The report calls for urgent state action, including:

• The creation of an independent Inspector General for the NYPD;
• A full and impartial review of the city’s response to OWS;
• Investigations and prosecutions of responsible officers; and
• The creation of new NYPD protest policing guidelines to protect against rights violations.

If New York authorities fail to respond, the report calls for federal intervention.
“The U.S. response to the Occupy movement – which itself emerged as part of a wave of global social justice protests—is being closely watched by other governments,” said Professor Katherine Glenn, one of the report’s principal authors. “In the face of this international attention, this report shows that New York City’s response actually violates international law and, as such, sets a bad example to the rest of the world.

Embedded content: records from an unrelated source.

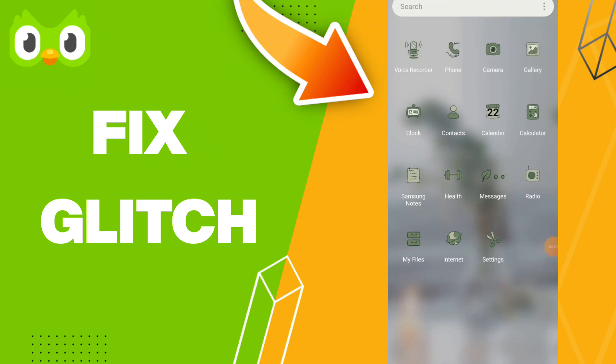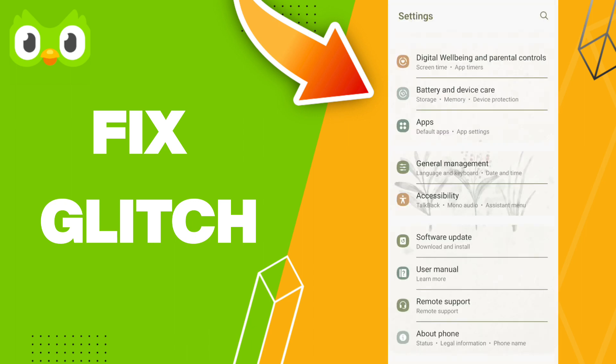Hello everyone, today we will talk about how to fix or solve your Duolingo app glitches. To fix your Duolingo app, you should go to settings.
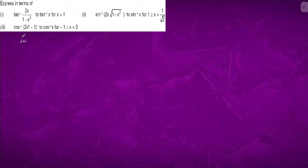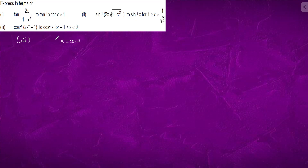For question number 3, we put x = cos θ, where x is between –1 and 1. We know that taking the inverse, θ will come out to be between 0 and π.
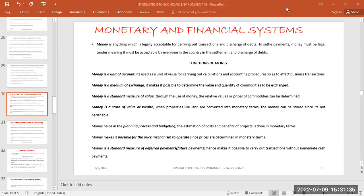Another function is that money makes it possible for price mechanism to operate. Prices are determined in monetary values. When using price mechanisms, the government may set minimum and maximum prices for certain commodities, but all of that is done through money — prices are attached in monetary values.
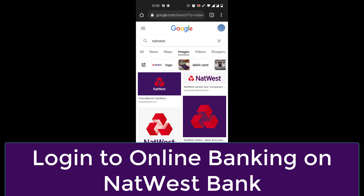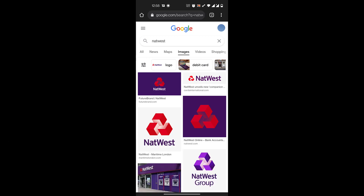Hi everyone, welcome to Beginner's Guide. In today's video I'll be showing you how to log into NatWest Bank online banking. Before we learn to do that, do consider subscribing to our channel for more videos like this, and don't forget to hit the bell icon so you do not miss any updates from us.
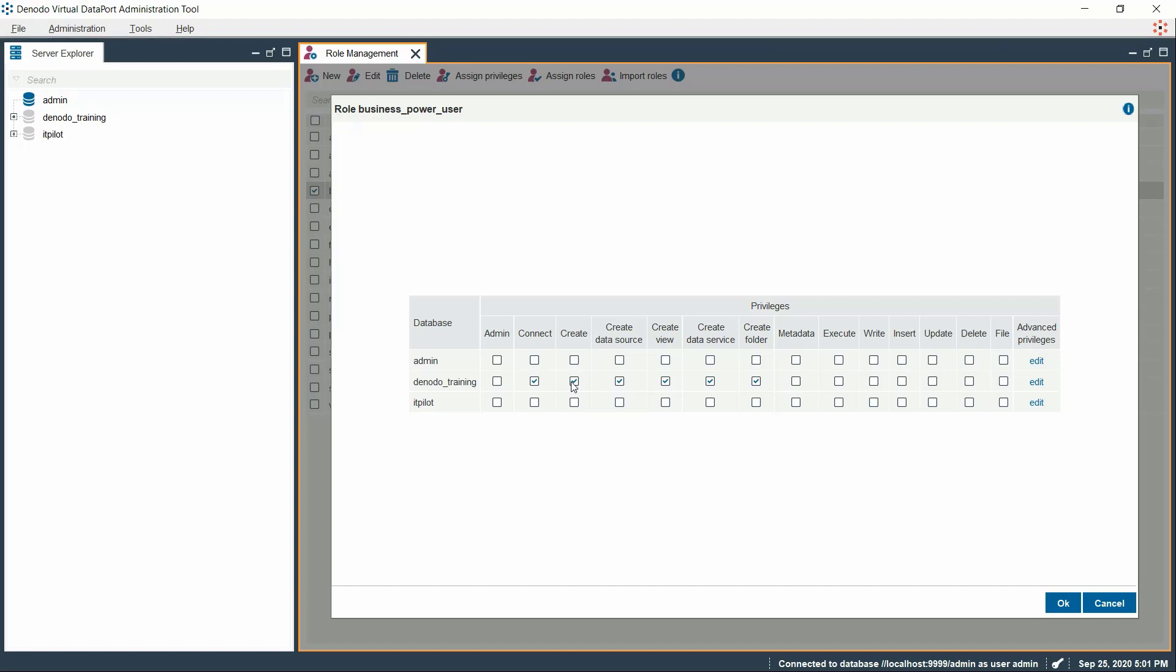Now, we might want to allow developers to access some views of this database. However, if we select Execute Privilege, all the views of this database will be executable by this role which is not a requirement.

The city now has an opportunity to set this right through reforms that reflect just and accountable policing practices.”

This report is the first in a series by the Protest and Assembly Rights Project. This report focuses on New York City, and was authored by the Global Justice Clinic (NYU School of Law) and the Walter Leitner International Human Rights Clinic (Fordham Law School). Subsequent reports will address the responses in Boston, Charlotte, Oakland, and San Francisco. Participating law clinics are at NYU, Fordham, Harvard, Stanford, Rutgers-Newark, Charlotte, and Loyola-New Orleans.